At \(1000 \mathrm{Hz}\), the reactance of a \(5.0-\mathrm{mH}\) inductor is equal to the reactance of a particular capacitor. What is the capacitance of the capacitor?

Short Answer

Expert verified
The capacitance of the capacitor is approximately \(1.59 × 10^{-8} F\).

Step by step solution

01

Write down the reactance formulas

For an inductor, the reactance (X_L) is given by the formula: \[X_L = 2\pi fL\] where \(f\) is the frequency, and \(L\) is the inductance.
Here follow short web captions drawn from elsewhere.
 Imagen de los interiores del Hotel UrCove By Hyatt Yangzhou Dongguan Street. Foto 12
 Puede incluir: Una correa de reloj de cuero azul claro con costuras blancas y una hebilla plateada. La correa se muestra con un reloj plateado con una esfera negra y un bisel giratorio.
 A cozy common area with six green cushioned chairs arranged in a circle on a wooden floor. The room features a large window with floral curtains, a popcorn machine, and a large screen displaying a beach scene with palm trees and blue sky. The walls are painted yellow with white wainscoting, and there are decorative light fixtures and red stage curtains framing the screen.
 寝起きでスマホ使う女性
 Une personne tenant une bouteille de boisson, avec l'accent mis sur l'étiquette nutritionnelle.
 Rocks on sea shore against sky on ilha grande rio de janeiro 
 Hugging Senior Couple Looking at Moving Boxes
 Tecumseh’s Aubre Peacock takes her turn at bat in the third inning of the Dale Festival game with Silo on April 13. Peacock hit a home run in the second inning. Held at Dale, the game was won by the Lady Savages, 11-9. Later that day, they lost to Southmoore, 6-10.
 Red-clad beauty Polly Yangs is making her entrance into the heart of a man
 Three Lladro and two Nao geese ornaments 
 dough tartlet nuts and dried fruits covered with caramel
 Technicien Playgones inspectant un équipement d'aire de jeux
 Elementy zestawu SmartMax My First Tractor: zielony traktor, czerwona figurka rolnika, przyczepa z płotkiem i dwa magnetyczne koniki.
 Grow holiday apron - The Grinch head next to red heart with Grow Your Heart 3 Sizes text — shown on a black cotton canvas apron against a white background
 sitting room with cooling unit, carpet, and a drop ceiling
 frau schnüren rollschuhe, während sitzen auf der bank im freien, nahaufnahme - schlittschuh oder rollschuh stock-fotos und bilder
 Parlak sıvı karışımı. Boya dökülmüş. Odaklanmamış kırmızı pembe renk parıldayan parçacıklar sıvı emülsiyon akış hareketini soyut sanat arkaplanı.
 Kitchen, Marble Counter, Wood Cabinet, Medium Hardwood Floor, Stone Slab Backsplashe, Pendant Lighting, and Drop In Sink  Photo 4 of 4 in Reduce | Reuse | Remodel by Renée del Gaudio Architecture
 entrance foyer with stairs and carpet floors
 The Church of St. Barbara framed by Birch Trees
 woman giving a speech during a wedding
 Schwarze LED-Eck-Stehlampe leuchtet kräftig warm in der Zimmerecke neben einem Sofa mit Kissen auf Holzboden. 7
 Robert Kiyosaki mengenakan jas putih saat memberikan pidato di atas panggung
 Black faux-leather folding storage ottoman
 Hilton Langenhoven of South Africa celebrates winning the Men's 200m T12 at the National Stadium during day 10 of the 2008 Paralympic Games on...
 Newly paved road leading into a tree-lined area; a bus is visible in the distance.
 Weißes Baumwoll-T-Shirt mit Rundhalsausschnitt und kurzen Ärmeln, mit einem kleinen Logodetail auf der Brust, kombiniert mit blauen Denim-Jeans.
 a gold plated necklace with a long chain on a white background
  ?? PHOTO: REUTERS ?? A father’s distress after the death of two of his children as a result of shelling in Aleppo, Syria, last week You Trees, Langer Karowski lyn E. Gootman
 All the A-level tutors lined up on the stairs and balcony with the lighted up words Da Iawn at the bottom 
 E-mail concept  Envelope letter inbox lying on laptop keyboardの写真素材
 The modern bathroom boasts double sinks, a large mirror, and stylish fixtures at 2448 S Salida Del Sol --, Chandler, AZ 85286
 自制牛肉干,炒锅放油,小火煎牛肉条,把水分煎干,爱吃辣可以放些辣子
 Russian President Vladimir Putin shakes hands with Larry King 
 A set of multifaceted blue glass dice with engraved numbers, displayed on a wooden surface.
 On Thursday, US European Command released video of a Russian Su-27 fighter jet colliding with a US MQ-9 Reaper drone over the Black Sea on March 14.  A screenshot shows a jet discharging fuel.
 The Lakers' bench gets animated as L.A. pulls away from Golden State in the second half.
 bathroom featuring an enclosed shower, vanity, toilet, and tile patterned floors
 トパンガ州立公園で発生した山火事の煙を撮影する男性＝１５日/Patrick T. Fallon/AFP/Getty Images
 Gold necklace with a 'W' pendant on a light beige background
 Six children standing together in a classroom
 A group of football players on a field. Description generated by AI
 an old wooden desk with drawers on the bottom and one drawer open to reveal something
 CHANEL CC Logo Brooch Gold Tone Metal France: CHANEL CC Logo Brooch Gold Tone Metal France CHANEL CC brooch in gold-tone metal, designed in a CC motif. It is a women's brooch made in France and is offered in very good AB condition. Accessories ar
For a capacitor, the reactance (X_C) is given by the formula: \[X_C = \frac{1}{2\pi fC}\] where \(f\) is the frequency, and \(C\) is the capacitance. Since the problem states that the reactances are equal at 1000 Hz, we can set the two formulas equal to each other and solve for capacitance: \[2\pi fL = \frac{1}{2\pi fC}\]
02

Plug in known values

Now, plug in the given values for frequency (1000 Hz) and inductance (5.0 mH) into the formula: \[2\pi (1000)(0.005) = \frac{1}{2\pi (1000)C}\]
03

Solve for capacitance

Solve the equation for \(C\): \(2\pi (1000)(0.005) = \frac{1}{2\pi (1000)C}\) \[(2\pi (1000)(0.005))(2\pi (1000)C) = 1\] \[(2\pi)^2 (1000)^2 (0.005)C = 1\] Now, divide both sides by \((2\pi)^2 (1000)^2 (0.005)\) to isolate the capacitance \(C\): \[C = \frac{1}{(2\pi)^2 (1000)^2 (0.005)}\]
04

Calculate the capacitance

Now, use a calculator to find the value of \(C\): \[C ≈ 1.59 × 10^{-8} F\] The capacitance of the capacitor is approximately \(1.59 × 10^{-8} F\).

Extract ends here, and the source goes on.